当前位置：网站首页>[Video coding learning] - SAD and SATD

[Video coding learning] - SAD and SATD

2022-08-09 14:47:00 【Stars¹⁸⁹⁵】

Video Coding Learning - SAD and SATD

I. Definition of common errors

SAD (Sum of Absolute Difference)=SAE (Sum of Absolute Error) is the sum of absolute error

SATD (Sum of Absolute Transformed Difference) is the sum of absolute values after hadamard transformation

SSD (Sum of Squared Difference)=SSE (Sum of Squared Error) is the sum of the squares of the differences

MAD (Mean Absolute Difference)=MAE (Mean Absolute Error) is the mean absolute difference

MSD（Mean Squared Difference）=MSE（Mean Squared Error）means squared error

Second, application in video coding

Take RDO as an example, in the RDO decision of encoding mode, the cost corresponding to the mode:

J(mode)＝SSD＋λ*R(ref,mode,mv,residual)

Here, SSD refers to the mean square sum of the difference between the reconstructed block and the source image; λ is the Lagrange multiplier, so it should be regarded as the weight; R is the actual code stream encoded by the macroblock in this mode, includingBit sum over reference frames, modes, motion vectors, residuals, etc.Of course, if it is an intra-frame mode, there is only R(mode,residual).
What confuses many people is that the current macroblock has not been encoded yet, how do you know its code stream and reconstructed image?In fact, RDO is to actually encode each mode once to get J(mode), and then select the mode with the smallest J(mode) as the actual encoding mode.Just like the encoder introduces a large feedback, if the video encoder really performs RDO according to the above announcement, the encoding speed will be very slow. Of course, the encoding efficiency is the best.
Therefore, in practical application, there is the following alternative formula:

J(mode)＝SAD＋λ*R(ref,mode,mv)

J(mode)＝SATD＋λ*R(ref,mode,mv)

Here, SAD is the sum of absolute errors between the predicted block and the source image in this mode.There is no residual coding in the bit R, that is, the J (mode) value of the mode can be directly obtained after motion estimation, which greatly reduces the computational complexity.
SATD is the absolute sum of the coefficients after the Hardman transform of the residuals. In most cases, SATD has a better evaluation effect than SAD. Of course, SATD has more transformations than SAD, and the amount of calculation is larger.
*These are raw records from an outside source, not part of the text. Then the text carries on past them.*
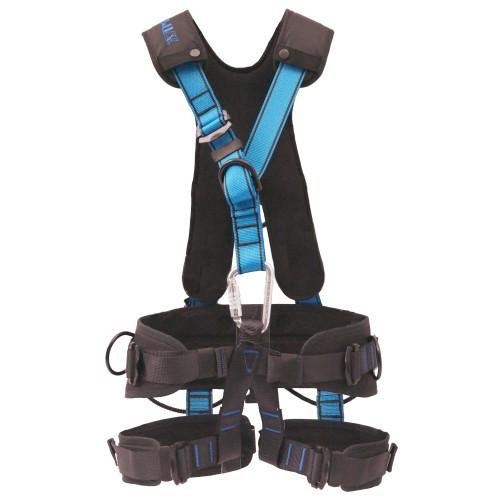 HARNAIS DE SÉCURITÉ - HT SECOURS - TAILLE M TRACTEL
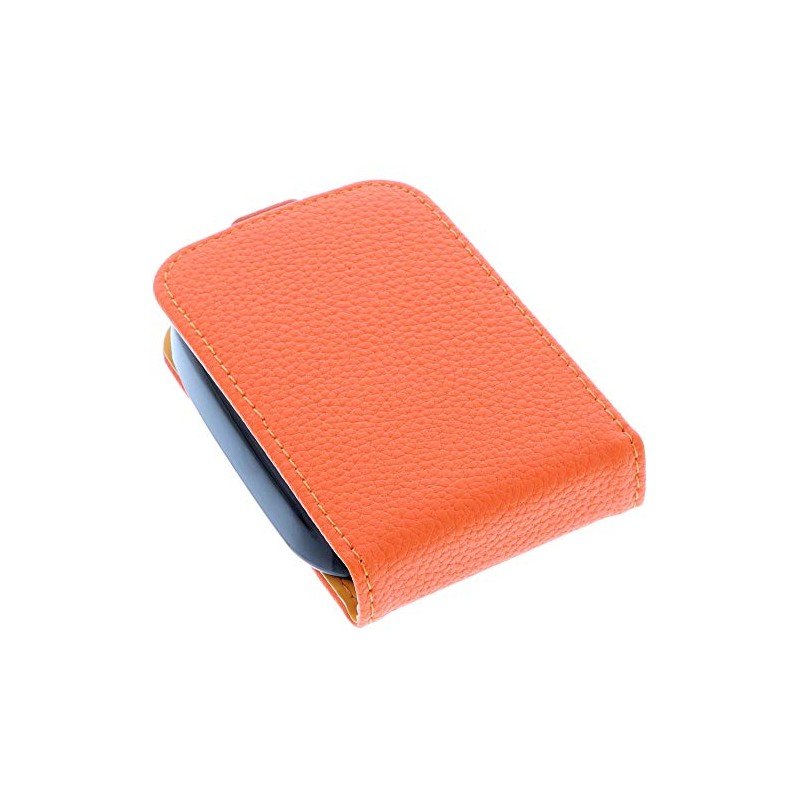 foto-kontor foto-kontor Case compatible with Abbott Freestyle Libre 2 Flip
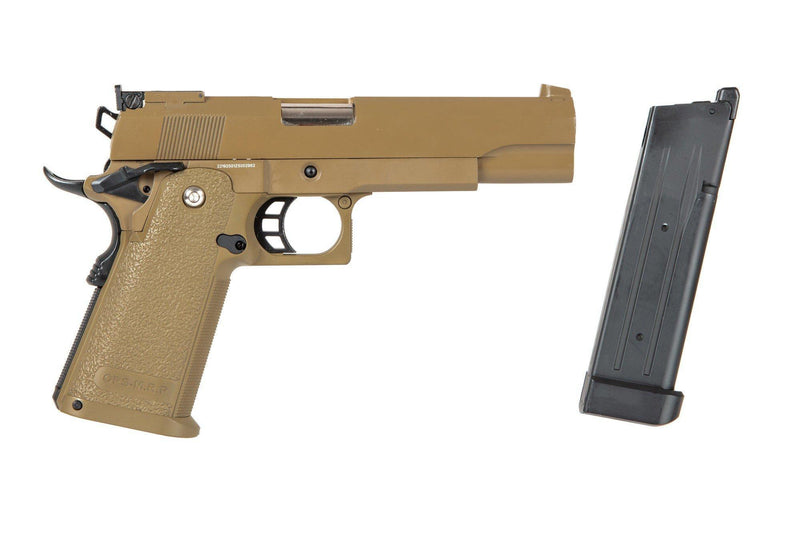 Carica immagine in Galleria Viewer, 3304 pistol replica 
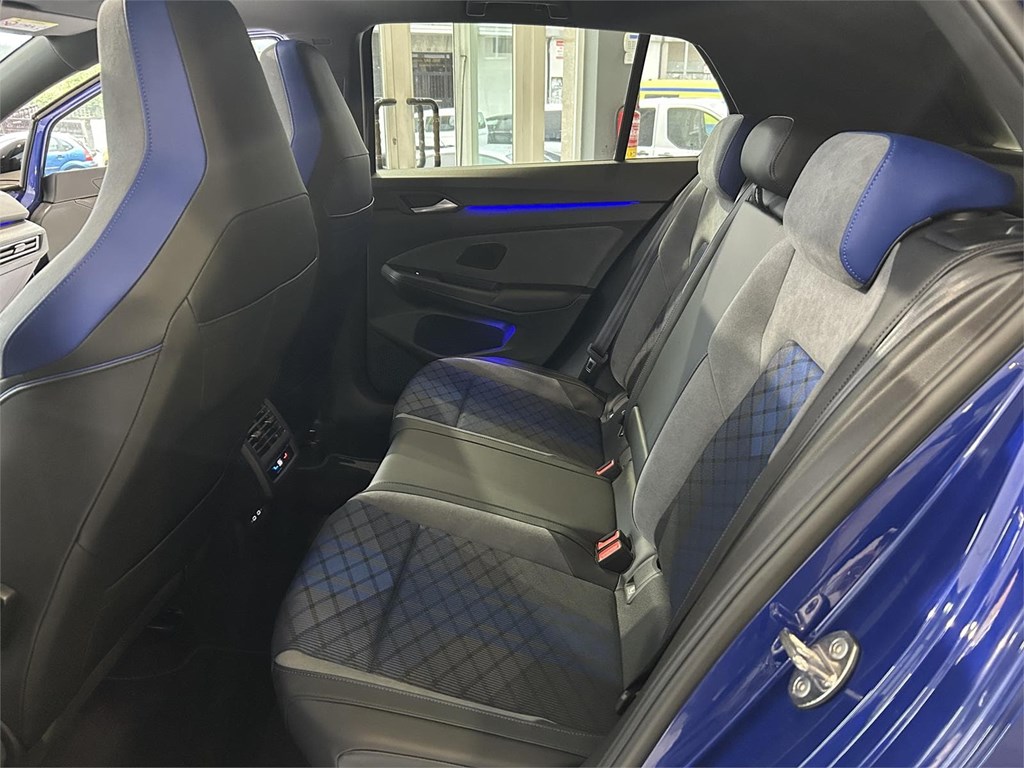 Foto 5 VW GOLF R PERFORMANCE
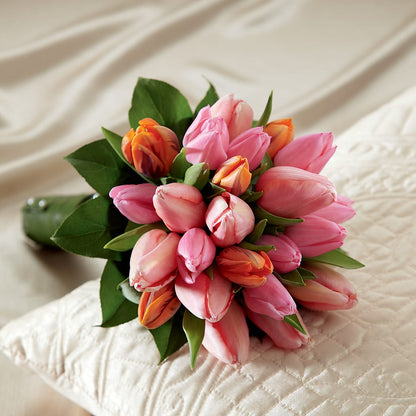 Embraceable Bouquet – FRIEND'S FLOWERS, Los Angeles CA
Three, SAD and SATD application scenarios

SATD: When no rate-distortion optimization is used, select SATD+delta×r(mode, ref, mv) as the basis for mode selection; use SATD for intra-frame mode selection.In motion estimation, SATD is used for subpixels
SAD: In motion estimation, SAD is used for integer pixel search

Explanation
SAD is the sum of absolute errors, which only reflects the time domain difference of residuals, which affects the PSNR value and cannot effectively reflect the size of the code stream.SATD is the sum of absolute values of prediction residuals of 4×4 blocks whose residuals have undergone Hardman transform, which can be regarded as a simple time-frequency transform, and its value can reflect the size of the generated code stream to a certain extent.Therefore, when rate-distortion optimization is not used, it can be used as the basis for mode selection.
Generally, all modes need to be detected within the frame, and the reason for selecting SATD for intra-frame prediction is the same as above.
When doing motion estimation, generally speaking, the farther from the optimal matching point, the larger the matching error value SAD, which is the famous single plane assumption, and most of the existing fast motion estimation algorithms use this feature.However, the converted SATD value does not satisfy this condition, and it is easy to fall into the local optimum point if the SATD search is used in the whole pixel.In the sub-pixel, there are not many points to be searched, and the SAD difference at each point is relatively small, and the SATD can be used to select a matching position with less code streams.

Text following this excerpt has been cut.